CIPÓ, together with 38 other organizations, including the Forests & Finance Coalition, the Articulation of Indigenous Peoples of Brazil and the Climate Observatory, sent a letter addressed to 80 financial institutions, alerting them about current approve bills in the National Congress that would weaken the country’s environmental protection framework.
The objective is to put pressure on these institutions, which have significant investments in Brazil, to publicly condemn these legislative proposals, which, if approved, would pose even greater risks to the Amazon Forest and indigenous peoples.
Among the bills being discussed in the Brazilian Congress which pose significant threats to social and environmental protections, the letters highlight:
Bill 490/2007, which would roll back constitutional protections on Indigenous lands. It is considered by the Association of Indigenous Peoples of Brazil (APIB) as a “genocide attempt”;
Bill 191/2020, which aims to allow industrial and artisanal mining, hydroelectric generation, oil and gas exploration, and large-scale agriculture on Indigenous territories, virtually removing their veto power from decisions that impact their lands;
Bill 3729/2004 (now in the Senate as bill No. 2159/2021) that weakens the requirements for the licensing of infrastructure and extractive projects, exempts 13 types of impactful activities from licensing, and allows for “self licensing” for an array of projects;
Legislative Decree 177/2021 that would allow Brazil’s withdrawal from Convention 169 of the International Labor Organization (ILO) (the main instrument in international law for the protection of Indigenous rights);
Bills 2633/2020 and 510 which pardon the occupation of public land in Brazil and would lead to a massive land grab of public lands, putting at risk some 620 thousand km2 of forest that does not have any legal protection. According to studies, grabbing of public lands in Brazil represents a third of all deforestation.

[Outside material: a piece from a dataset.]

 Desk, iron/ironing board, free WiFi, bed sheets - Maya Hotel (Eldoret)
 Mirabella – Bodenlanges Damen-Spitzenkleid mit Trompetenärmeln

We strongly recommend your financial institution to take a hard line, in public and private, against this regressive legislative agenda put forward by the Bolsonaro administration and its allies in the Brazilian Congress. That includes taking a public stance against all bills that weaken protections for forests and Indigenous peoples, calling the attention of the political and economic actors behind them to your commitment to eliminating deforestation and protecting the rights of Indigenous peoples and other forest-dependent communities; and to encourage your peers and companies that rely on your funding to do the same”, states the letter.